Lots of people are already having fun with this Mitt Romney quote:

“I want individuals to have their own insurance. That means the insurance company will have an incentive to keep you healthy,” Romney said. “It also means that if you don’t like what they do, you could fire them. I like being able to fire people who provide services to me. You know, if someone isn’t giving the good service, I want to say, ‘I’m going to go get someone else to provide this service.’”

O.K., O.K.–in context, Romney was merely singing the praises of capitalism, a system that gives you a choice of service-providers. But when you take it out of context, as everyone will, and put it together with another famous Romney awkwardity, “Corporations are people, too,” an existential question arises: Does Mitt Romney also like to fire corporations? Turns out, he did. 

According to the Wall Street Journal today, 22% of companies Bain Capital took over went bust within 8 years. The destruction was may have been a bit too creative, according to experts summoned by the Journal, or maybe not: Bain was more likely to invest in struggling companies than other private equity firms.

The real question here, as posed by Newt Gingrich this morning, is whether Bain would invest, say $30 million in a company, pull $180 million and allow it to collapse. Gingrich didn’t give any examples, but if one or more such emerge then Romney’s certainly going to have some explaining to do. We should know the full story within the next week, I suspect.

Romney’s all-purpose response is going to be: you’re arguing against capitalism! It’s a pretty good response, especially in a Republican primary. There is no question that progress creates winners and losers. Indeed, my problem with Romney’s brand of capitalism wasn’t that he liked to “fire people,” but the unintended consequences caused by the private equity model.

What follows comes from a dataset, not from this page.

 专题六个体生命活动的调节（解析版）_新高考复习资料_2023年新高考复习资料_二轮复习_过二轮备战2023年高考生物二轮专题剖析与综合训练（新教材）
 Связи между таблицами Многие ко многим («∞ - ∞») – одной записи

The private equity model goosed executive pay as an incentive to slim down flabby companies. That may have been a good idea at the turn of the 1980s, when a good many American companies were suffering from debilitating flab, but it soon became something of an obsecenity, especially on Wall Street, where executives would be rewarded for churning deals, but not punished when those deals went south.

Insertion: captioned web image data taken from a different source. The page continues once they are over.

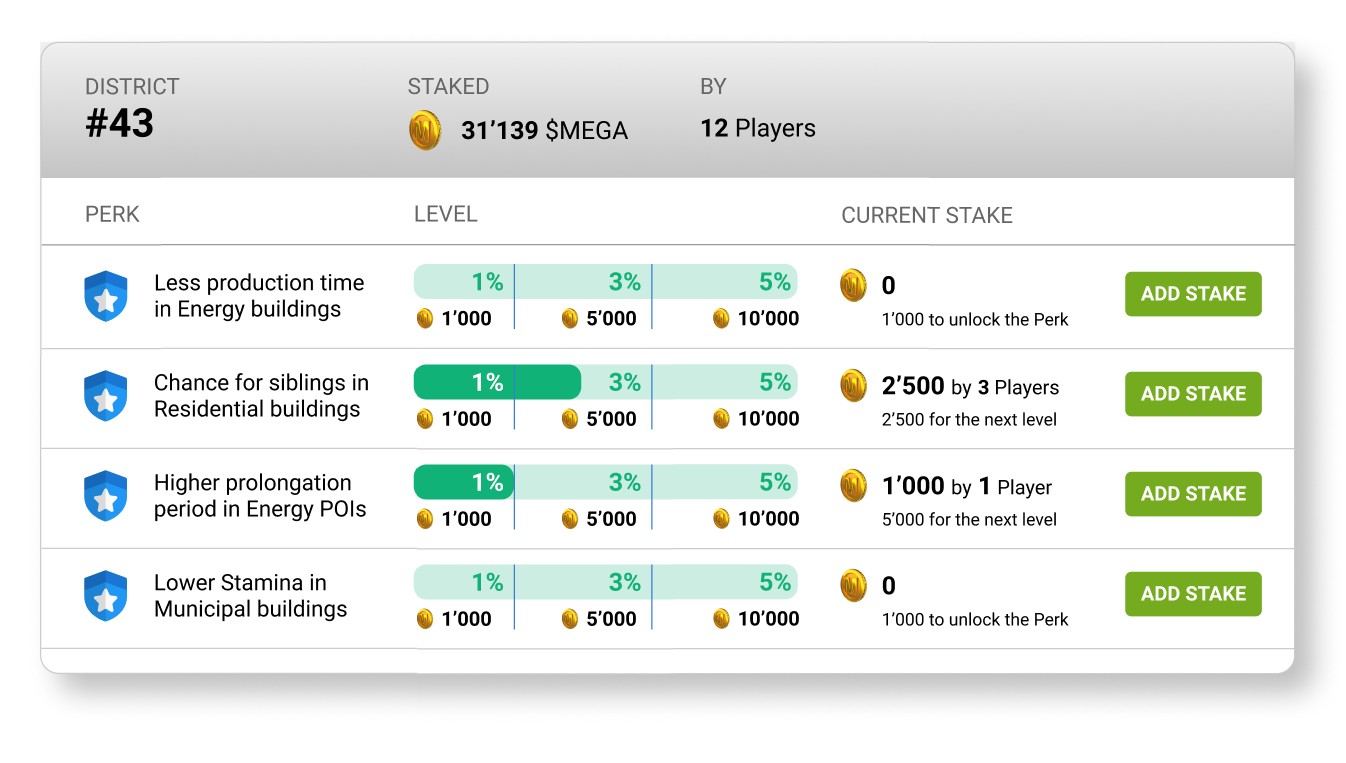 MEGA Staking and Governance. New use-cases planned for the… | by Mega Crypto  Polis | Medium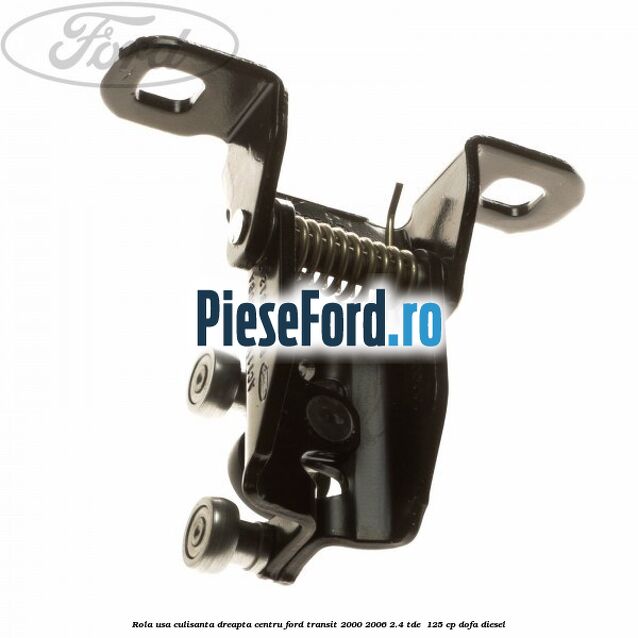 Rola usa culisanta dreapta centru Ford Transit 2000-2006 2.4 TDE  125 cp DOFA diesel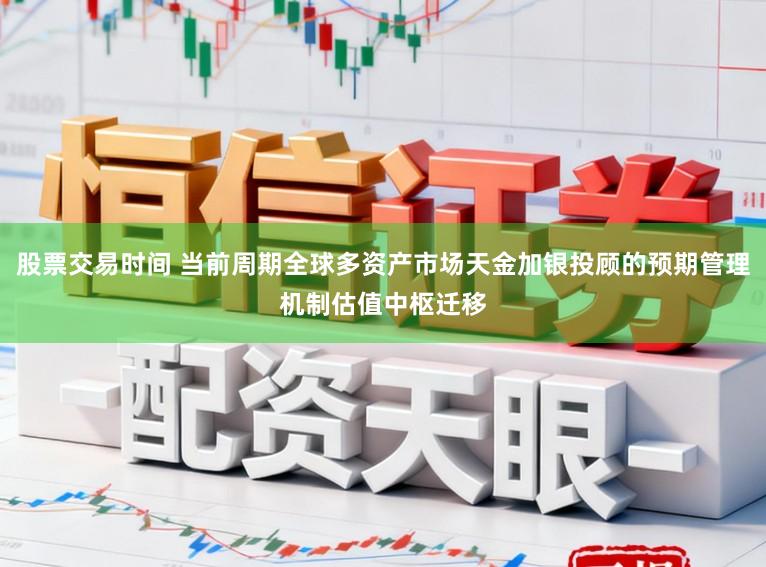 股票交易时间 当前周期全球多资产市场天金加银投顾的预期管理机制估值中枢迁移
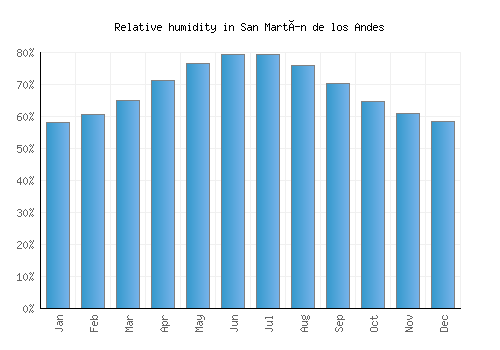 San Martín de los Andes relative humidity averages
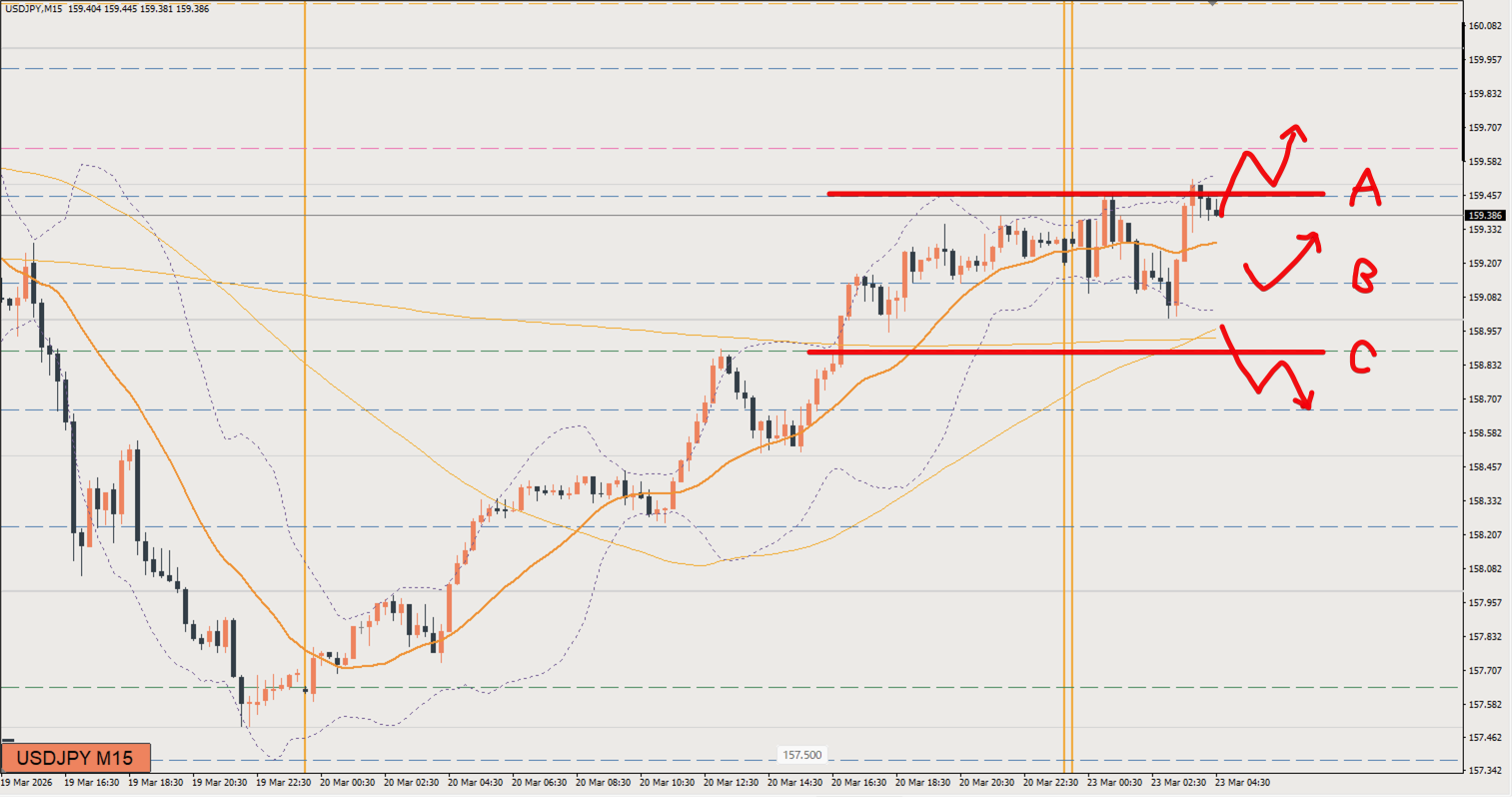2026/03/23 ドル円トレード戦略 15分 チャート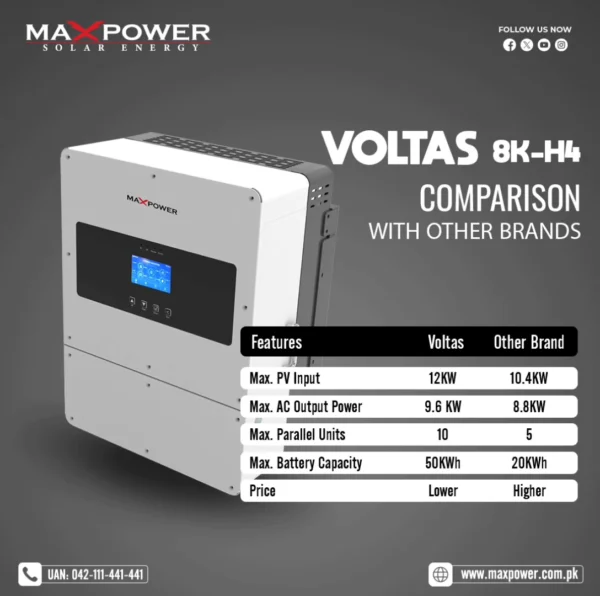 MaxPower Voltas PV12000 IP65 8K-H4 8KW Single Phase Hybrid Inverter - Image 4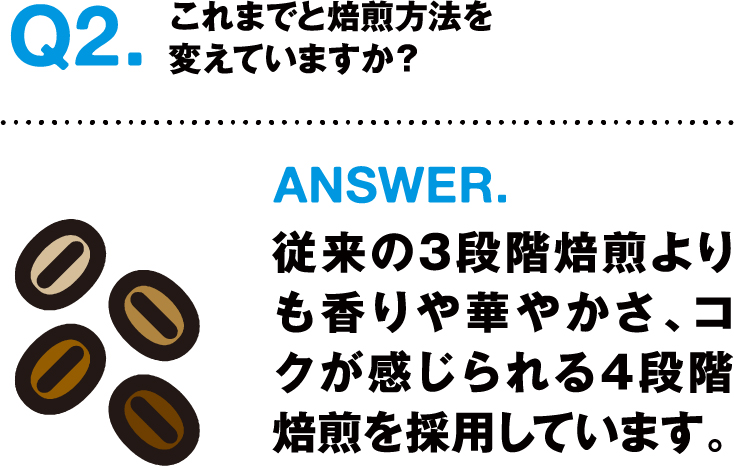 Q2.これまでと焙煎方法を変えていますか？ ANSWER.従来の3段階焙煎よりも香りや華やかさ、コクが感じられる4段階焙煎を採用しています。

A second unintended consequence was that the profits produced by the sort of capitalism Romney practiced were so huge that a disproportionate number of smart young people began migrating into the financial sector–and away from creating, producing and marketing actual products. I’d be interested in hearing how Romney would respond to these two consequences, but that’s not the debate we’re about to have. It will be all about the jobs lost. Romney will argue the creative side of creative destruction, and insist that an undue emphasis on the destructive side is crypto-socialism. I’m not sure that’s a winner in a country that has suffered a devastating loss of jobs in recent years, and of manufacturing jobs in recent decades. And if it turns out that Gingrich is right and there was actual looting going on, Romney could be in some real trouble down in South Carolina–which has had plenty of experience losing textile jobs.